Quinze dias depois, Serrano enviou uma mensagem contando a Dani (Daniel Vorcaro) que "aquele Kássio que pediu viagem pra aquele grupo em janeiro sumiu". A defesa de Serrano afirmou que a viagem não foi contratada nem realizada. Questionado, Nunes Marques não se manifestou sobre esse ponto.

Filho de Fux

Outra mensagem apreendida no celular de Vorcaro mostra que, em novembro de 2024, o banqueiro pediu ajuda ao advogado Rodrigo Fux, filho do ministro Luiz Fux, do STF, para tratar de um "caso" sem dar detalhes sobre o que queria, como mostrou o blog da colunista Bela Megale.

Após o pedido, há registro de uma videoconferência e, em seguida, Vorcaro enviou um documento para análise. Os dois, então, passaram a combinar novos encontros no Rio de Janeiro e em Brasília.

A sequência das mensagens mostra que Vorcaro e Rodrigo conversam sobre festas, viagens, Carnaval, almoços e charutos.

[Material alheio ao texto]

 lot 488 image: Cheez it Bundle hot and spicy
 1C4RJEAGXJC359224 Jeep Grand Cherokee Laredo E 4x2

Em nota, o escritório de Rodrigo Fux disse nunca ter recebido pagamentos ou celebrado contratos com Vorcaro e que os contatos se trataram de uma "tentativa de aproximação comercial" por parte do banqueiro, mas que "jamais se concretizou".

Clima hostil no STF

A divulgação das mensagens ocorreu no dia do julgamento que analisa se há elementos para que seja aberta uma investigação sobre mensagens que mostram Vorcaro pedindo orientações a Moraes na véspera de sua prisão, em novembro do ano passado.

Na semana passada, os ministros Gilmar Mendes, Cristiano Zanin e o próprio Moraes pediram acesso à íntegra do conteúdo do celular de Vorcaro, que está em posse da Polícia Federal. As cópias foram enviadas a eles na noite do domingo.

Um dos argumentos dessa ala, aliada a Moraes, é que o julgamento sobre suspeitas de envolvimento de Moraes com Vorcaro deveria incluir também outros magistrados que tiveram relação com o banqueiro.

Leia a íntegra da nota de Rodrigo Fux sobre as mensagens de Vorcaro:

"1) Nunca advogou a favor de Daniel Vorcaro ou do Banco Master (controladas, subsidiárias, qualquer empresa do grupo, fundos de investimentos relacionados, etc.);

2) Nunca fez qualquer proposta de trabalho e jamais celebrou qualquer contrato ou manteve relação comercial com Daniel Vorcaro ou com Banco Master (controladas, subsidiárias, qualquer empresa do grupo, fundos de investimentos relacionados, etc.);

3) Nunca recebeu qualquer valor de Daniel Vorcaro ou do Banco Master (controladas, subsidiárias, qualquer empresa do grupo, fundos de investimentos relacionados, etc.);

4) Jamais foi contratado para atuar em processos que se encontrassem em vias de remessa ao Supremo Tribunal Federal, muito menos para atuar em processos que já se encontrassem em trâmite na Corte;

5) A despeito do tom informal dos diálogos vazados, o que houve foi uma tentativa de aproximação comercial por parte de Daniel Vorcaro e seus sócios. Uma tentativa apenas, mas que, conforme ressaltado, jamais se concretizou. E que se deu mais de um ano antes de qualquer notícia envolvendo fraudes ou implicação criminal do banqueiro".